Talking about data with Dan Svantesson, Professor, Bond University

Published on
July 12, 2021

The Internet & Jurisdiction Policy Network has released a Report “We Need to Talk About Data: Framing the Debate Around the Free Flow of Data and Data Sovereignty”. The Report presents concerns and perspectives around these polarizing policy concepts and offers recommendations on how to move forward. To unpack the key messages and explore the next steps I&JPN spoke to the Report’s contributors to ask how I&JPN can foster a collaborative discussion on how to organize our common Datasphere.

Dan Svantesson is Professor at Bond University and Author of the I&J Global Status Report 2019


Why do we need to talk about data? 

Data are central to the modern world. Very little of what we are used to, benefiting from, and indeed relying upon, would work without accurate data. Being such a central pillar for societies, data are valuable for everyone from individuals to multinational businesses, and from small NGOs to nation states. 

With anything so important, we need a constantly ongoing discussion. 

What is the most important key message from the I&JPN Report?

The Internet and Jurisdiction Policy Network’s ‘We Need to Talk About Data: Framing the Debate Around Free Flow of Data and Data Sovereignty’ Report makes clear both the challenges we face and why we must overcome those challenges. Put simply, finding a solution to the issue of cross-border data flows is not optional. Too much is at stake. But we cannot content ourselves with trying to search amongst ‘old trusted’ approaches.

As the Report makes clear, the challenges go to the core of the international law system, and we need an open mind, creativity, and a willingness to acknowledge nuances in what too often is approach from a binary perspective. 

When considering data policy approaches, why should we be thinking about our “common Datasphere”? 

In many ways, the Internet is structured as a “common Datasphere”.

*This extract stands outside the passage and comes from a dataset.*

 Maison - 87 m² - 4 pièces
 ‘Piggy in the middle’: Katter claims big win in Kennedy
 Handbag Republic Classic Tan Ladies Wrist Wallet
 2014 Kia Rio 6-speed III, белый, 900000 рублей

However, the world is not. This tension between, on the one hand, the largely ‘borderless’ online environment and, on the other hand, the borders that characterise our physical world – and traditionally the application of laws – have remained an unresolved challenge. We now need to explore options for a future “common Datasphere” that copes better with the diversity that colours the physical world.

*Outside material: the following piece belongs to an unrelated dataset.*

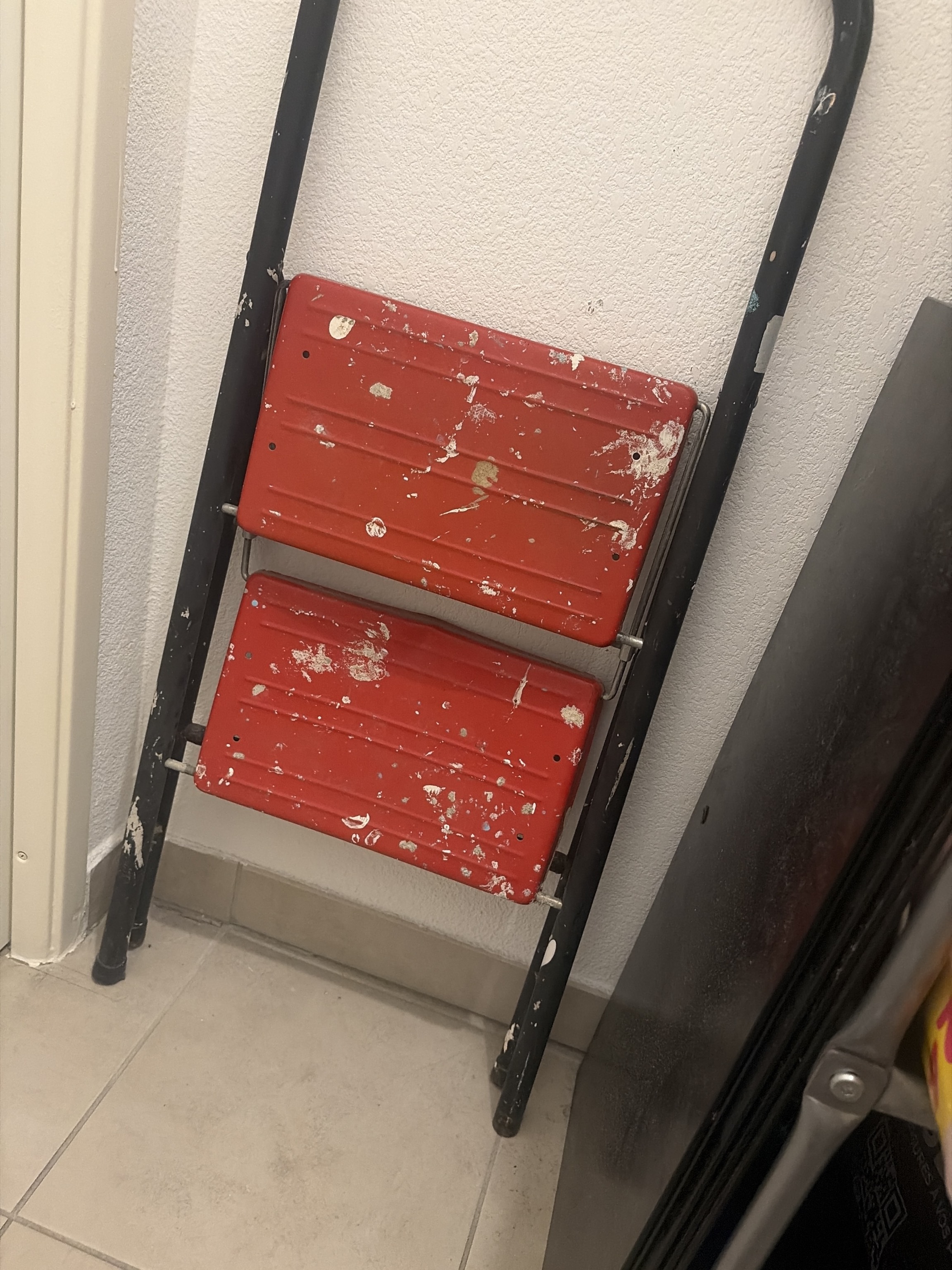 Aide pour réparation de meuble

An important question in all this is the extent to which we must learn to work with a partial fragmentation due to irreconcilable value-clashes.

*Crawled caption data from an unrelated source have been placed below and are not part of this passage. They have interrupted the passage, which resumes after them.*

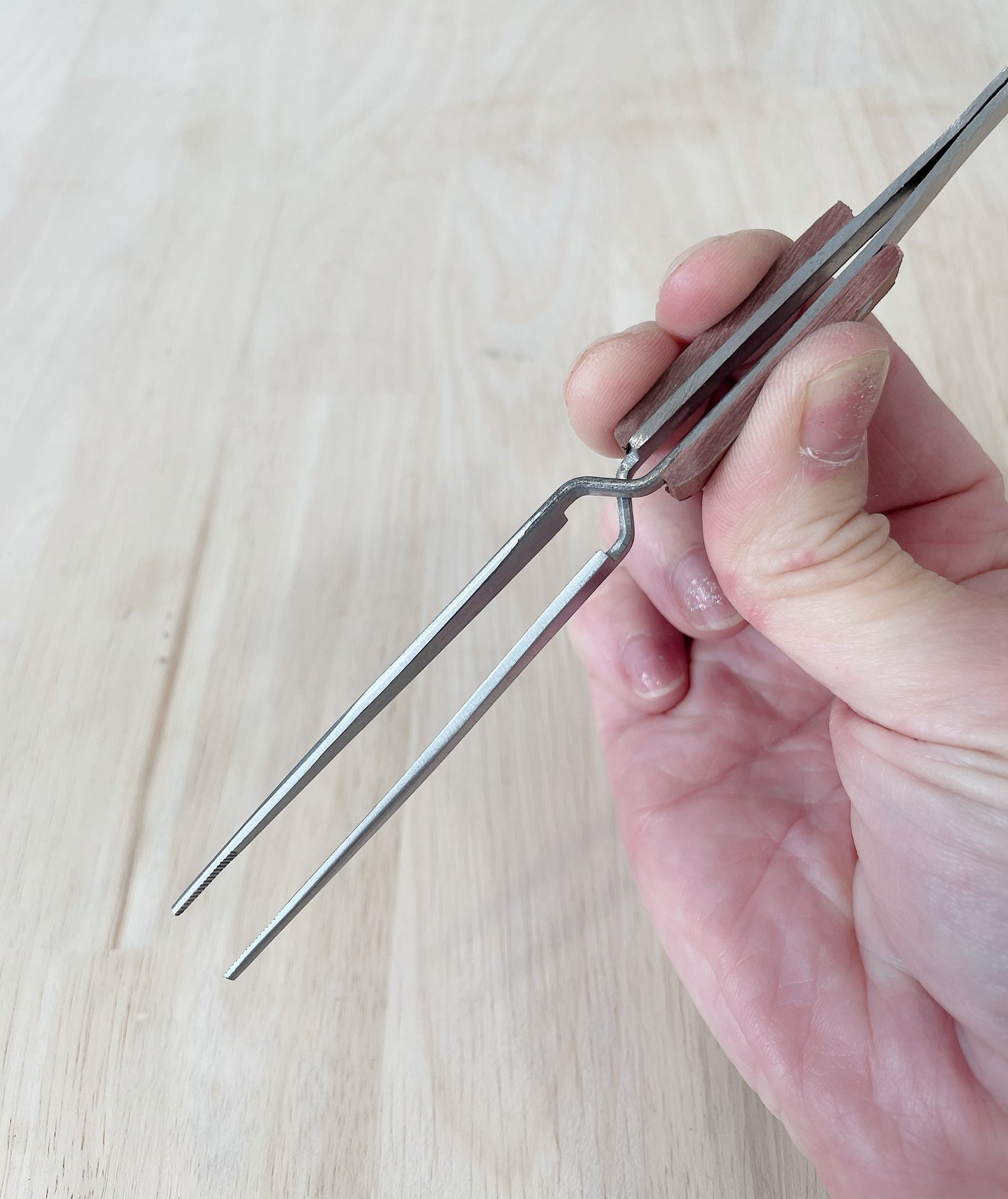 Cross Locking Tweezers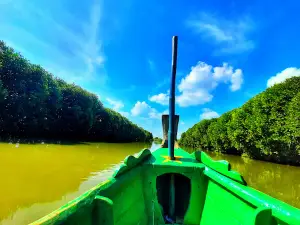 Pantai Panjiwa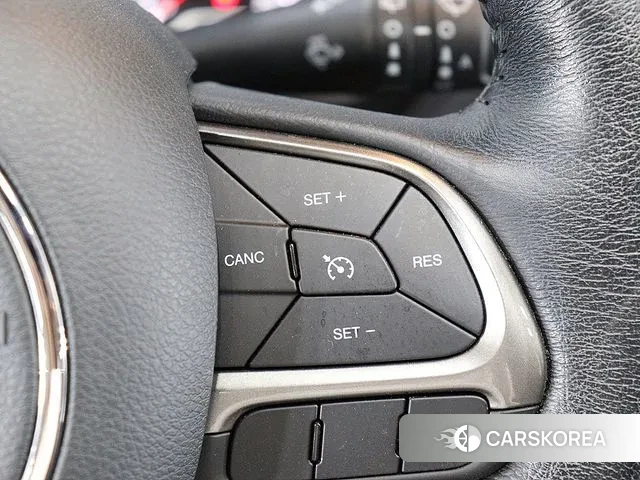 Jeep Renegade id 3098174 из Кореи 9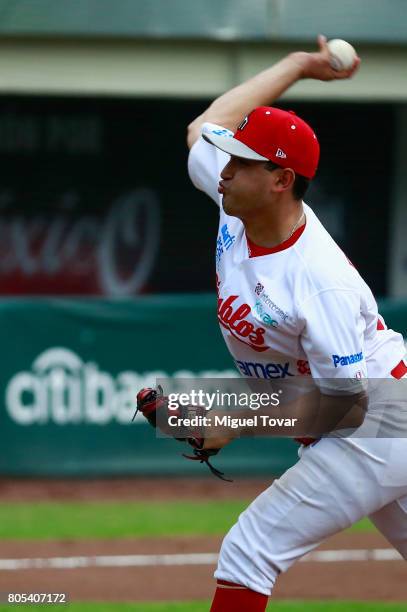 David Reyes of Diablos pitches during the match between Rojos del Aguila and Diablos Rojos as part of the Liga Mexicana de Beisbol 2017 at Fray Nano...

How can we foster a collaborative discussion moving forward? 

Much work is needed to foster a collaborative discussion moving forward. Currently most developments seem to be driven by the larger countries for the larger platforms. That may be natural in some ways. But to make real progress, we also need the perspectives of smaller countries and smaller platforms.   

One practical step is for countries seeking to implement specific legal approaches to consider whether those approaches are ‘scalable’ – what happens if many other countries adopt that same approach? 

Another practical matter is to move towards proactive collaborative lawmaking as opposed to the reactive unilateral lawmaking we commonly see today.